Has Tokyo Sexwale unleashed the biggest crime hunt in domestic history?
JOHANNESBURG - Sometimes noisy headlines miss the bigger picture; worse, when "fraud" has become as commonplace in a country as sparrows strangling out twitters in the morning, the bigger picture can sink to the insignificant. Time will tell if
thousands of human vermin feeding off South Africa's housing challenges can be hunted down. The opposition is monumental . . . there are vested interests in every direction; these vermin are the size of bull elephants.
Human Settlements Minister Tokyo Sexwale this week shrugged off a trade union's call for his personal assets to be "nationalised", and remained focused on re-launching, with further detail, a war against corrupt private sector housing contractors, along with connected public servants, lawyers and estate agents. There are, of course, countless innocents among this bunching, but the targeted reprobates are also in very good numbers, responsible for monumental corruption, fraud and backlogs in delivering houses to South Africa's underprivileged.

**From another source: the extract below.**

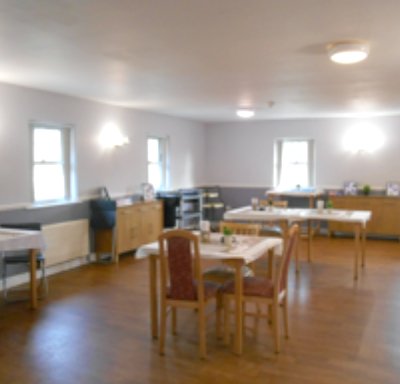 Photo of Stocksbridge Neuro Rehabilitation Centre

Amid the stench, the housing audit is being led by the Special Investigations Unit (SIU), a division of the National Prosecuting Authority, and supported by the Auditor-General's office, plus all provincial government departments, Parliament's standing committee on public accounts, and the portfolio committee on human settlements. That is the combined war machine, but is it big enough, and does it have the resolve to face up to the savage ugliness that stolen billons always manages to build?
Make no mistake, billions of rands are at stake. Speaking at a media briefing on Monday, Sexwale noted that while government had built around 2.8m so-called RDP houses (accommodating some 13m people) since 1994, informal settlements continue to proliferate. That is only one issue. The audit is dealing with lots of foul things: nepotism in government departments, sloppy construction work, thousands of houses in tatters and ruins, and the persistent awarding of government contracts to the same twisted packs of stinky contractors.
Sexwale, who has had a long and interesting career in politics, and a shorter and equally interesting one in business, smashed the gong: "We can assure those who are involved in dodgy deals that there will be no place to hide. We are dealing with public money. Heads are going to roll. There are rotten people who have taken advantage of the public sector, and that way public finances get squandered".
Housing delivery is a quagmire crawling with swamp rats and other vermin: fraud, corruption, absentee contractors, unfinished ghost' houses, and corruption related to housing waiting lists. The SIU has already whet its appetite in the area, having spent the past few years recovering around R20m from hundreds of public servants who simply stole housing subsidies, month after month, subsidies destined for the poor. To date, 772 public servants have been charged, and 554 convicted. More than 1 600 acknowledgments of debt have been signed.
The latest initiative taken by Sexwale reinforces initiatives outlined in his budget speech commitment, made in June this year, where an agreement was signed by his (new) ministry with the SIU, mandating the SIU to investigate fraud, corruption and maladministration in low-income housing contracts.
At this point, Sexwale's national fact-finding mission is incomplete, but he has so far tagged around 3 000 RDP houses that have to be demolished, and rebuilt at a cost of R800m. For a start, how much of that R800m will be recovered from the criminals involved?